Referral Revenue: We use the term “referral” to describe each time a visitor to one of our websites or apps clicks on a hotel offer or advertisement in our search results and is referred to one of our advertisers. We charge our advertisers for each referral on a cost-per-click (CPC) basis.
ROAS: The ratio of our Referral Revenue to our Advertising Spend in a given period, or Return On Advertising Spend. We invest in multiple marketing channels, such as: TV; out-of-home advertising; search engine marketing; display advertising campaigns on advertising networks, affiliate websites, social networking sites and email marketing; online video; mobile app marketing and content marketing.

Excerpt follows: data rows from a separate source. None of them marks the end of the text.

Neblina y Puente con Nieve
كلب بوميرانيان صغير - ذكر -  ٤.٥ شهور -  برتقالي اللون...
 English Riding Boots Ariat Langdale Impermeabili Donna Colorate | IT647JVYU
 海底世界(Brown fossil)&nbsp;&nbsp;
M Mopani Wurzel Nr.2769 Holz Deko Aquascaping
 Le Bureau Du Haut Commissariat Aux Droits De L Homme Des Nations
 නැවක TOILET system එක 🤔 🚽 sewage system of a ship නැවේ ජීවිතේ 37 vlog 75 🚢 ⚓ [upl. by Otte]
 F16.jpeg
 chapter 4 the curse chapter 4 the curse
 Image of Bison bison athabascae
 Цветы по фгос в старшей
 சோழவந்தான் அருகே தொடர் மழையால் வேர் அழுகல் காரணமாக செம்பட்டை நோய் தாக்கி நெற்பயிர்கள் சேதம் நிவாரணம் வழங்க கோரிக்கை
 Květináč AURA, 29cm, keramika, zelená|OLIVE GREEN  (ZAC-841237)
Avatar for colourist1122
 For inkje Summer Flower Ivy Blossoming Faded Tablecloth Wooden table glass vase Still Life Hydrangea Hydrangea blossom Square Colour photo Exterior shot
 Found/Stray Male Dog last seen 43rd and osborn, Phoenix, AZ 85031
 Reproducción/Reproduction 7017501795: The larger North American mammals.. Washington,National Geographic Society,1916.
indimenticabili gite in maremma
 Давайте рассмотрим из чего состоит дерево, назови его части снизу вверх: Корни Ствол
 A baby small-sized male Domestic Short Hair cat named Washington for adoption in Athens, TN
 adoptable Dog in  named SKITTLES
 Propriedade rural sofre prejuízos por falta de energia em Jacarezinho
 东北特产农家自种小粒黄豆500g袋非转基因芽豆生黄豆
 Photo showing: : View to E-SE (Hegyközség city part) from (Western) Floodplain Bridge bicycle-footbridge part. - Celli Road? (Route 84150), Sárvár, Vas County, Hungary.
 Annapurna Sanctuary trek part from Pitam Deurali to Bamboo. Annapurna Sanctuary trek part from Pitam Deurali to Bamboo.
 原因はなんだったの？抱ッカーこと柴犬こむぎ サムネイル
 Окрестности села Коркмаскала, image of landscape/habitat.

RPQR: We use average Revenue Per Qualified Referral, to measure how effectively we convert Qualified Referrals to revenue. RPQR is calculated as Referral Revenue divided by the total number of Qualified Referrals in a given period.
Qualified Referral: We define a Qualified Referral as a unique visitor per day that generates at least one referral. For example, if a single visitor clicks on multiple hotel offers in our search results in a given day, they count as multiple referrals, but as only one Qualified Referral.
Definitions of Non-GAAP Measures
Adjusted EBITDA:
We define Adjusted EBITDA as net income/(loss) adjusted for:
–income/(loss) from equity method investment,
–expense/(benefit) for income taxes,
–total other (income)/expense, net,
–depreciation of property and equipment and amortization of intangible assets,
–impairment of, and gains and losses on disposals of, property and equipment,
–impairment of intangible assets and goodwill,
–share-based compensation, and
–certain other items, including restructuring.
From time to time going forward, we may exclude from Adjusted EBITDA the impact of certain events, gains, losses or other charges (such as restructuring charges and significant legal settlements) that affect the period-to-period comparability of our operating performance.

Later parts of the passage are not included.